After he belittled suicide victims in a speech before a high school assembly on Tuesday, Young on Wednesday doubled down, blaming suicide on government “largesse”.

“This suicide problem didn’t exist until we got largesse from the government,” Young told a crowd at a senior center. “When people had to work and had to provide and had to take keep warm by participating and cutting the wood and catching the fish and killing the animals, we didn’t have a suicide problem.”

Young said all this without mentioning his own impressive record at channeling largesse to Alaska. He continued:

[Suicide] comes from the largesse, saying you’re not worth anything but you’re going to get something for nothing. Now you know me, you’re going to hear me. I’m not going to coddle anybody. We have a society today that coddles people. They say, ‘Oh we’re sorry. We don’t want to hurt your feelings.’ You screwed up.

Young’s Democratic opponent in the election 12 days from now, Forrest Dunbar, who is 30 years old, joined a chorus of outrage.

“In the last two days I have gone from shocked, to sadness, to anger,” Dunbar said in a statement. “If Don Young honestly believes that the suicide crisis in Alaska is because of public assistance programs, and he also believes that Wasilla High administrators were ‘coddling’ students dealing with the death of a classmate, then he is completely out of touch.”

But Young has good reasons to believe that his political career will survive this latest encounter with outré. First there’s his electoral record. He’s been elected and re-elected some 20 times, usually with better than 55% of the vote. It’s nice being an incumbent Republican in Alaska, which has voted for a Democrat for president exactly once, when Barry Goldwater was the alternative.

The one time Young came close to being beaten is instructive for just how invincible he seems. He almost lost his Republican primary in 2008, when Alaska governor Sarah Palin, who was enjoying a certain national prominence at the time, supported his opponent. By all appearances Young’s number was up. No less than the National Review published an editorial saying Young, who faced a federal investigation for possible corruption, represented all that was wrong with the Republican party.

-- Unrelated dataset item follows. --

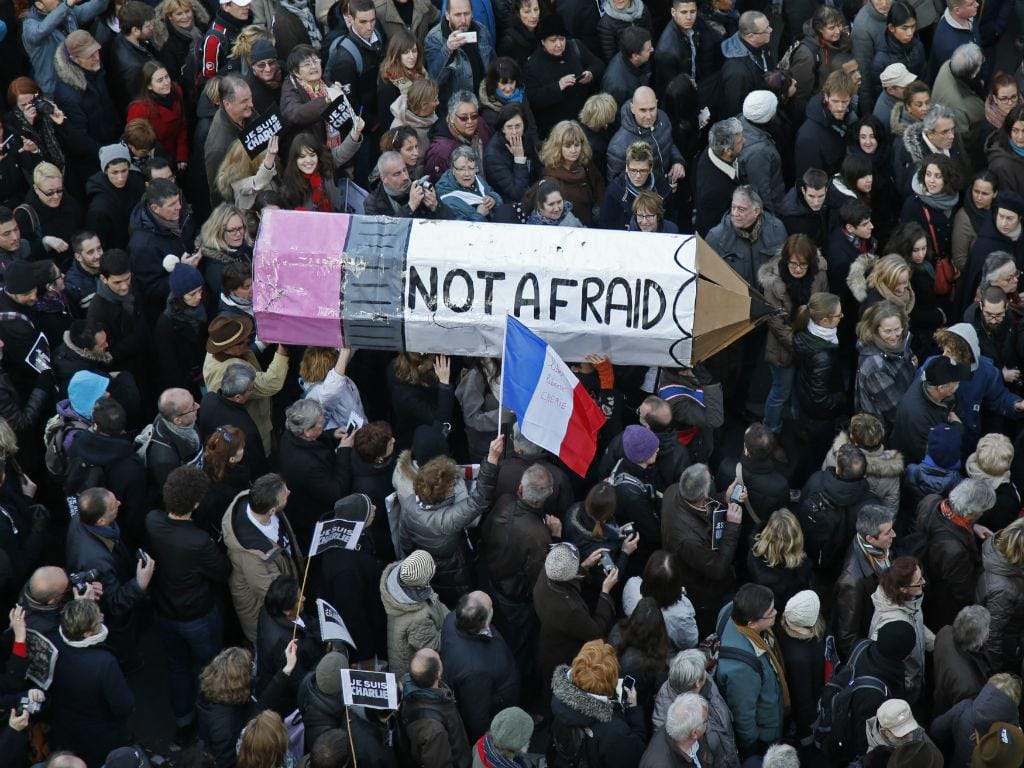 Milhares na marcha de solidariedade em Paris (Reuters)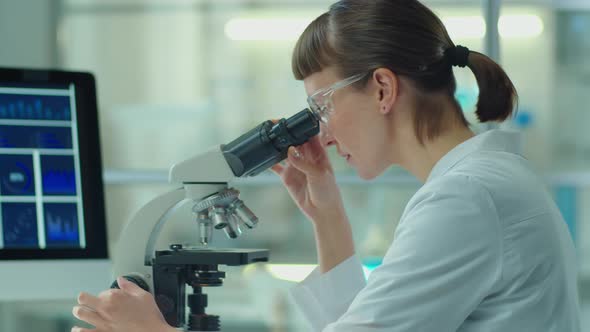 Female Scientist Using Microscope and Tablet in Laboratory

Young won anyway, and the Review editorial may indicate why. “Young is one of Washington’s most shameless pork-barrelers,” the editors wrote:

He’s best known for the “Bridge to Nowhere,” a $223-million earmark for a span that would have serviced an island with a population of about 50 people. In the same highway bill, he tried to secure a similar amount for another bridge near Anchorage that would have carried his name: Don Young’s Way. After Hurricane Katrina struck, several members of Congress, including Sen. John McCain, suggested diverting the cash for these projects to the reconstruction of New Orleans. Young’s responded with typical bluster: “That is the dumbest thing I ever heard.”

Young was nominated for Porker of the Year in 2007 by the Citizens Against Government Waste, and was named Porker of the Month in April 2007 and in June 2003. But those numbers don’t capture the proportion of Young’s pork. Alaska doesn’t even have a million people in it. Young hits far above his weight in terms of per-capita largesse.

It’s possible that Young might say something that would manage to overcome the cumulative force of his incumbency and his reliability for Alaskans. He seems sure to keep talking.